Traditionally, Third World housing has been incremental and the incremental model is endorsed by Correa because it allows families to build according to their perceived needs when capital becomes available. Incrementality acts as a spur to producing housing quickly because people who build their own houses are highly motivated to complete the job. Correa hopes that his own, strong, architectural expression will quickly be overlaid with the accretions of individualistic additions. And he believes that, if the project really works, intrinsic Indian decorative sensibility for ‘low-energy high-visual’ effects will transform its rather Iberian first appearance. In India ‘even the poor people know that with things like mud, they can change their lives’.
At Belapur, Correa has been at least partially able to put into practice his notion of equity plots. He suggests that India’s violent divisions between rich and poor could be largely overcome if house plot sizes were rationed to between 50 and 100 square metres. On such sites, the poorest could have a couple of trees, a lean-to and a tethered goat; the richest could develop town houses as sophisticated as those in London or Udaipur. The Belapur plot sizes are between 45 m2 to 75 m2 and family incomes of the richest are five times those of the poorest - a quite astonishing ratio when compared to the social/economic monocultures of Western housing estates.
Of course, Belapur is not perfect.

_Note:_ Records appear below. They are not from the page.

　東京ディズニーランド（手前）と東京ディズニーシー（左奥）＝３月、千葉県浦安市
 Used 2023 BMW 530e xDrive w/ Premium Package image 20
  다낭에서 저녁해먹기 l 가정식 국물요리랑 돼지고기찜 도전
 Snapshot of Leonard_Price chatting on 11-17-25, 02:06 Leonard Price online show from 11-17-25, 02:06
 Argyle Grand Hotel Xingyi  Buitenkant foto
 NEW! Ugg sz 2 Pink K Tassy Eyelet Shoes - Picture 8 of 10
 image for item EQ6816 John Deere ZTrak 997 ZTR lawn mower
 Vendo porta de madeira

For a start, there are no tethered goats. It is still in many ways a middle-class housing scheme. It does nothing to relieve the torments of India’s very poor- except as paradigm. Nor is it clear how houses will be easy to expand incrementally. Pitched roofs and complicated sections do not make for very easy addition. But Belapur is a built manifesto and, like all manifestos, it tries to encompass everything. Correa has attempted a complex programme in which a revolutionary social proposal grows out of a deep appreciation of tradition. On top of all this is the architect’s own expression, and though this may perhaps seem limiting in terms of the overall programme, it is essential because the concept was born in the mind of a person who thinks in terms of forms and spaces.
It is easy to assume that people who imagine in this way can do nothing to combat the horrendous problems of Third World poverty, that the statistics of poverty are too overwhelming for any sensitive individual to copy. But as Correa asks ‘what is the moral advantage in not acting, in merely watching passively the slow degradation of life around you?’ Nothwithstanding its problems, Belapur is a noble creation- and one that has much to teach the First World as well as the Third.